### The task
Under this task are some entries; return every one of them exactly.

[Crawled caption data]

╔══

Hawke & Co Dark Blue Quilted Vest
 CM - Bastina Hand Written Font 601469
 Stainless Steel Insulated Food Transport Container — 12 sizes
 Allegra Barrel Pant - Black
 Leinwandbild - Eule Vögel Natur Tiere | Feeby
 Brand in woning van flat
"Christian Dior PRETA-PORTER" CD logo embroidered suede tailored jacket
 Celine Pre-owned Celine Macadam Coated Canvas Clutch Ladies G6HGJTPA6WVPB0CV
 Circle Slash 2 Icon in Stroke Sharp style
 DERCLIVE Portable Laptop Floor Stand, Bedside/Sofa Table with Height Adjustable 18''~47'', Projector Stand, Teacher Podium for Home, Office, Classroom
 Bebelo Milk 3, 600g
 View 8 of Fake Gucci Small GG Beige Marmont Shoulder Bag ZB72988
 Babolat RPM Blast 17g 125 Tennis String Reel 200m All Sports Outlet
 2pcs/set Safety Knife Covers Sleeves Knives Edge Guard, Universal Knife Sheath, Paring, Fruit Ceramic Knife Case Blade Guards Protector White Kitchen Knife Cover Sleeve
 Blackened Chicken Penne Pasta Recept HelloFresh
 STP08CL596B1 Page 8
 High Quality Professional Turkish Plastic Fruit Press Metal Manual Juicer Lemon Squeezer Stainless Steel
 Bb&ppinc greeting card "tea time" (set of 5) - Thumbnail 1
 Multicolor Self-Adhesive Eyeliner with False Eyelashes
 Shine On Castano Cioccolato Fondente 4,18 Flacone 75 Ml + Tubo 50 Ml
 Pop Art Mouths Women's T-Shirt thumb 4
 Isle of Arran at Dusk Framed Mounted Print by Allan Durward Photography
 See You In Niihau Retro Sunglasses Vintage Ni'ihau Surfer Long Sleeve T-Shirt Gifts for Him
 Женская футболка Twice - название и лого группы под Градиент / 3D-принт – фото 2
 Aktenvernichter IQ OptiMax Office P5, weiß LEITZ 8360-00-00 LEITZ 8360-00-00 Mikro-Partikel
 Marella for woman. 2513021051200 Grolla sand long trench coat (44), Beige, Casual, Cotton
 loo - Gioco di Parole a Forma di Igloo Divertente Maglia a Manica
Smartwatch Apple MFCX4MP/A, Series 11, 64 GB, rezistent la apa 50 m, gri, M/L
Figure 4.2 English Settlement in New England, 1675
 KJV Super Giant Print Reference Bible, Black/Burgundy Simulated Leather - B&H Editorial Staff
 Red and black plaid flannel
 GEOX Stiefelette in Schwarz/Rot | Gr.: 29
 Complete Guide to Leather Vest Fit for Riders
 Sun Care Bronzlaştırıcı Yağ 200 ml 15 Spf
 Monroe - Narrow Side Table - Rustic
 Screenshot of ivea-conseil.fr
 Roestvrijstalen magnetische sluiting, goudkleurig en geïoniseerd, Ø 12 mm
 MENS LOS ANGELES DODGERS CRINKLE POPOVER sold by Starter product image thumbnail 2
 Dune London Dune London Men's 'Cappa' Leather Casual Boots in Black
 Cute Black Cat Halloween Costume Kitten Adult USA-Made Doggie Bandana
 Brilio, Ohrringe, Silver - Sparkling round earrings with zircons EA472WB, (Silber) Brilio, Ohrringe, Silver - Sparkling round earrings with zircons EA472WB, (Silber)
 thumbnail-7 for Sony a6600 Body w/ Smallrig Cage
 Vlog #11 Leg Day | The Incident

╚══

### Answer section
Hawke & Co Dark Blue Quilted Vest
 CM - Bastina Hand Written Font 601469
 Stainless Steel Insulated Food Transport Container — 12 sizes
 Allegra Barrel Pant - Black
 Leinwandbild - Eule Vögel Natur Tiere | Feeby
 Brand in woning van flat
"Christian Dior PRETA-PORTER" CD logo embroidered suede tailored jacket
 Celine Pre-owned Celine Macadam Coated Canvas Clutch Ladies G6HGJTPA6WVPB0CV
 Circle Slash 2 Icon in Stroke Sharp style
 DERCLIVE Portable Laptop Floor Stand, Bedside/Sofa Table with Height Adjustable 18''~47'', Projector Stand, Teacher Podium for Home, Office, Classroom
 Bebelo Milk 3, 600g
 View 8 of Fake Gucci Small GG Beige Marmont Shoulder Bag ZB72988
 Babolat RPM Blast 17g 125 Tennis String Reel 200m All Sports Outlet
 2pcs/set Safety Knife Covers Sleeves Knives Edge Guard, Universal Knife Sheath, Paring, Fruit Ceramic Knife Case Blade Guards Protector White Kitchen Knife Cover Sleeve
 Blackened Chicken Penne Pasta Recept HelloFresh
 STP08CL596B1 Page 8
 High Quality Professional Turkish Plastic Fruit Press Metal Manual Juicer Lemon Squeezer Stainless Steel
 Bb&ppinc greeting card "tea time" (set of 5) - Thumbnail 1
 Multicolor Self-Adhesive Eyeliner with False Eyelashes
 Shine On Castano Cioccolato Fondente 4,18 Flacone 75 Ml + Tubo 50 Ml
 Pop Art Mouths Women's T-Shirt thumb 4
 Isle of Arran at Dusk Framed Mounted Print by Allan Durward Photography
 See You In Niihau Retro Sunglasses Vintage Ni'ihau Surfer Long Sleeve T-Shirt Gifts for Him
 Женская футболка Twice - название и лого группы под Градиент / 3D-принт – фото 2
 Aktenvernichter IQ OptiMax Office P5, weiß LEITZ 8360-00-00 LEITZ 8360-00-00 Mikro-Partikel
 Marella for woman. 2513021051200 Grolla sand long trench coat (44), Beige, Casual, Cotton
 loo - Gioco di Parole a Forma di Igloo Divertente Maglia a Manica
Smartwatch Apple MFCX4MP/A, Series 11, 64 GB, rezistent la apa 50 m, gri, M/L
Figure 4.2 English Settlement in New England, 1675
 KJV Super Giant Print Reference Bible, Black/Burgundy Simulated Leather - B&H Editorial Staff
 Red and black plaid flannel
 GEOX Stiefelette in Schwarz/Rot | Gr.: 29
 Complete Guide to Leather Vest Fit for Riders
 Sun Care Bronzlaştırıcı Yağ 200 ml 15 Spf
 Monroe - Narrow Side Table - Rustic
 Screenshot of ivea-conseil.fr
 Roestvrijstalen magnetische sluiting, goudkleurig en geïoniseerd, Ø 12 mm
 MENS LOS ANGELES DODGERS CRINKLE POPOVER sold by Starter product image thumbnail 2
 Dune London Dune London Men's 'Cappa' Leather Casual Boots in Black
 Cute Black Cat Halloween Costume Kitten Adult USA-Made Doggie Bandana
 Brilio, Ohrringe, Silver - Sparkling round earrings with zircons EA472WB, (Silber) Brilio, Ohrringe, Silver - Sparkling round earrings with zircons EA472WB, (Silber)
 thumbnail-7 for Sony a6600 Body w/ Smallrig Cage
 Vlog #11 Leg Day | The Incident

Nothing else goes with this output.